Con l’ultimo spasmo dei muscoli Lauren si alza sui gomiti, beve dalla tazza di caffè ancora piena, si gonfia come un rospo, prende la mira e sputa.

 

Il soffitto, ora, è imbrattato di marrone, ai lati qualche goccia scivola sulle pareti schiarendosi. Bene, sorride. Che la prossima si ricordasse quanto è stato inutile trovare la soluzione poche ore prima di morire.

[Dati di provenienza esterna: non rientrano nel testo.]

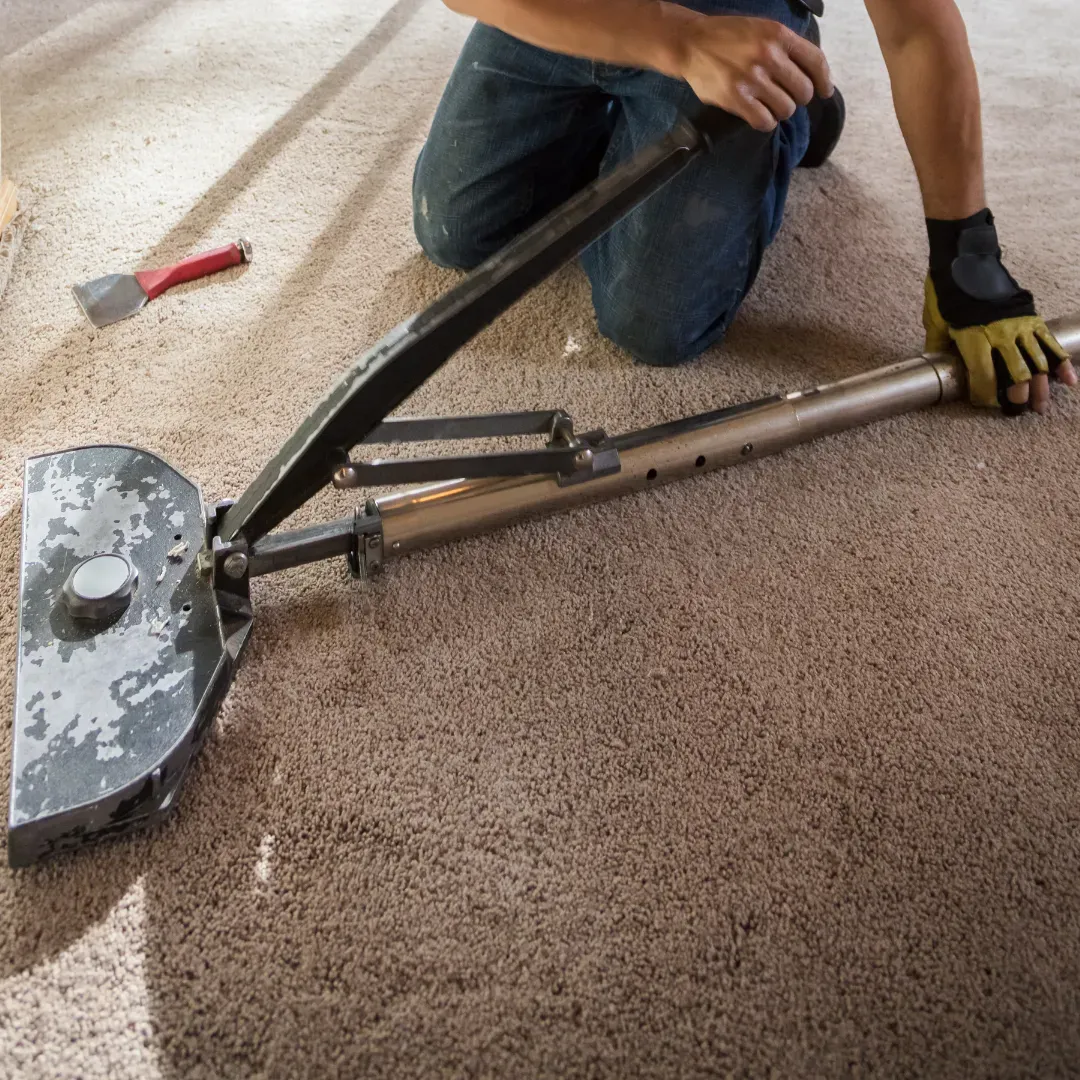 Blas Carpet specialist laying new carpet down in Atlanta, Georgia home.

Forse, pensa, la prossima si ricorderà che è possibile solo così, trovare la soluzione e poi morire. Magari lo ricorderà e deciderà di farlo comunque o forse no. Non le importa. All’improvviso si sente separata davvero  da tutte le altre Lauren, facciano quello che vogliono. Non le interessa più. Inala due soffi di W.S., è buona. L’hanno trattata bene, è giusto, pensa, è il suo ultimo desiderio. Aspira il resto in fretta, l’effetto dura oltre un’ora, ma lei vuole finire questa esistenza lucida. Sono le tre e venti, perfetto, un’ora ancora senza limiti, e senza colpa, stavolta. E tre minuti di congedo — sorride.

 

Nella stanza accanto la prossima Lauren trema nel sogno, tra poco si sveglierà. Avrà fatto uno dei soliti incubi, verrà di qua, troverà l’inalatore vuoto, avrà la solita crisi di pianto e tremore seguita da buoni propositi fugaci. Farà una doccia in fretta e uscirà. È ancora inverno, andrà verso la stazione, sta seguendo qualcosa che ancora non conosce, dorme sempre meno e usa quantità letali di W.S. — ma solo per poco — si dice, giusto il tempo di trovare il Codice. La soluzione di tutto. Poi, lo sa, cambierà vita. Così, in tre minuti, si vede proprio così, è una certezza ostinata. In tre minuti, una di queste notti, uscirà dal sogno e tutto scorrerà di nuovo come prima dell’Anello. È la sua missione, per quello che ricorda, cosa sarà, in fondo, una vita sprecata a fronte dell’immortalità?

 

La vecchia Lauren apre gli occhi un momento, comincia a spegnersi, sorride. Sa bene, lei, cos’è una esistenza sprecata: tutto. Guarda il soffitto, ora sì, pensa, che la prossima ci farà caso. Fosse stato solo per quelle righe tremule, avrebbe potuto scambiarle per umidità, si conosce. Ma così, una macchia di caffè sul soffitto, dovrà notarla per forza e capirà. Trovato l’inizio, capirà. Poi, faccia quello che vuole.